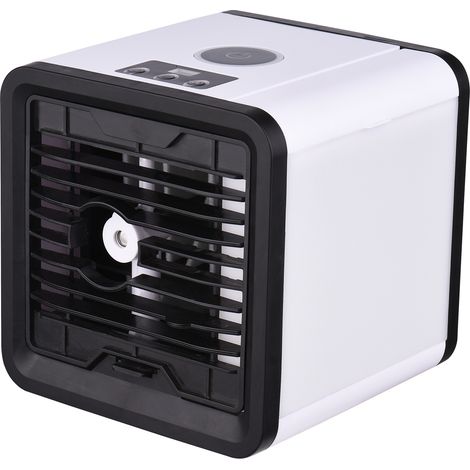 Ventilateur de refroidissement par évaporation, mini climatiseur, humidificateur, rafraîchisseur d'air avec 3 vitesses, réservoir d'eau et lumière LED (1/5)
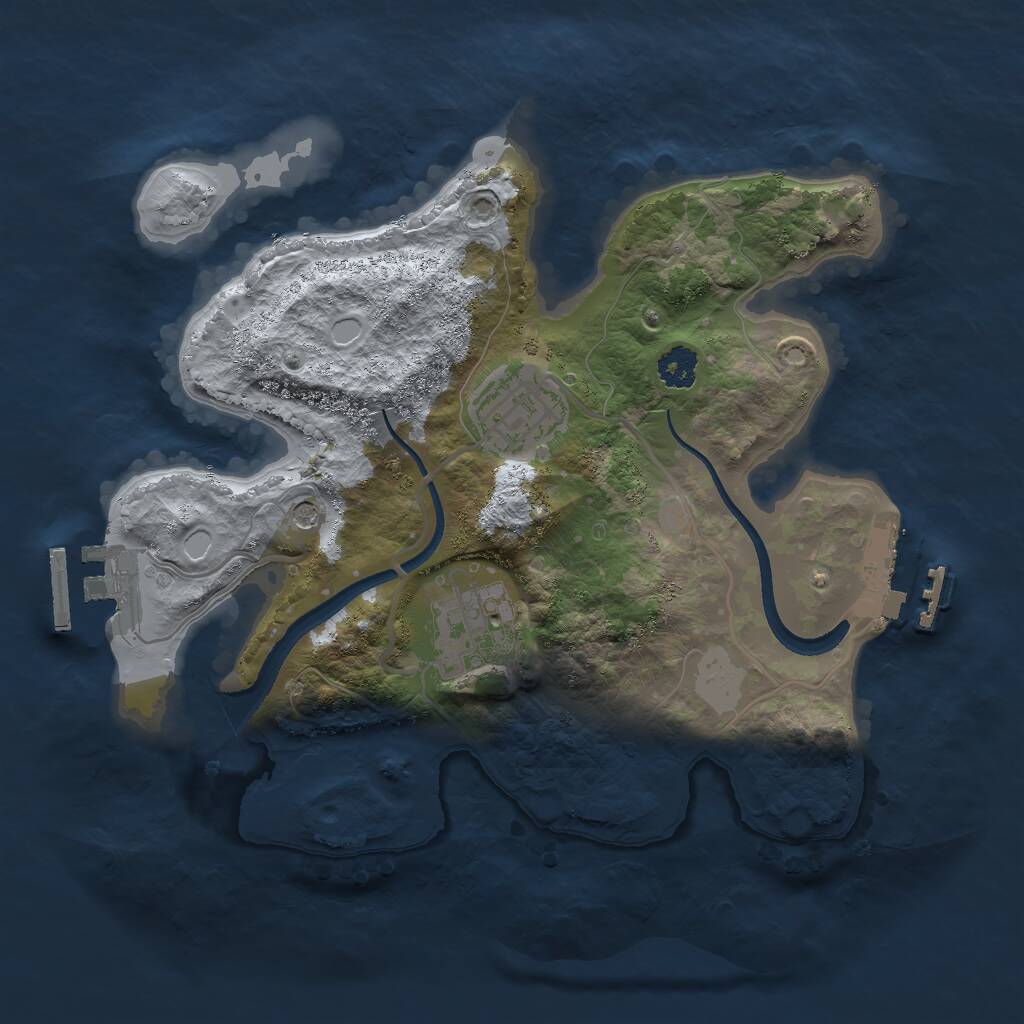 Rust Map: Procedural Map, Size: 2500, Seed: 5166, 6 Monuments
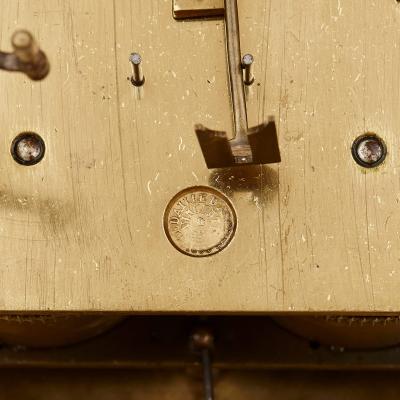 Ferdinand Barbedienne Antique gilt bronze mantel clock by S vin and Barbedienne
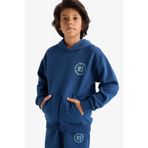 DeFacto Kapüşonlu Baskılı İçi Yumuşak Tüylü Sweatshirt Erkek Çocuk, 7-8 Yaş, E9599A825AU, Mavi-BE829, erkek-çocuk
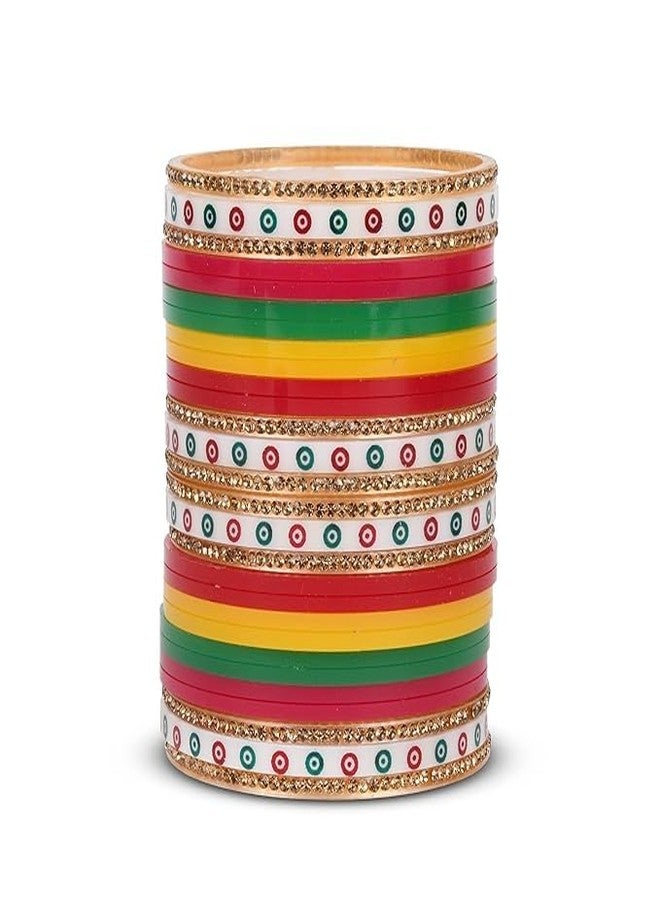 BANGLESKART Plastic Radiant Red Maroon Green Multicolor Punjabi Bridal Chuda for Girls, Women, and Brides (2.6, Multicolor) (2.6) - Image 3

^^^^

### Task statement
The expected answer is the line with "Rust Map: Procedural" followed by every remaining line of the listing, each restated exactly, with all pictures dropped.

### Result of the task
 Rust Map: Procedural Map, Size: 2500, Seed: 5166, 6 Monuments
 Ferdinand Barbedienne Antique gilt bronze mantel clock by S vin and Barbedienne
 DeFacto Kapüşonlu Baskılı İçi Yumuşak Tüylü Sweatshirt Erkek Çocuk, 7-8 Yaş, E9599A825AU, Mavi-BE829, erkek-çocuk
 BANGLESKART Plastic Radiant Red Maroon Green Multicolor Punjabi Bridal Chuda for Girls, Women, and Brides (2.6, Multicolor) (2.6) - Image 3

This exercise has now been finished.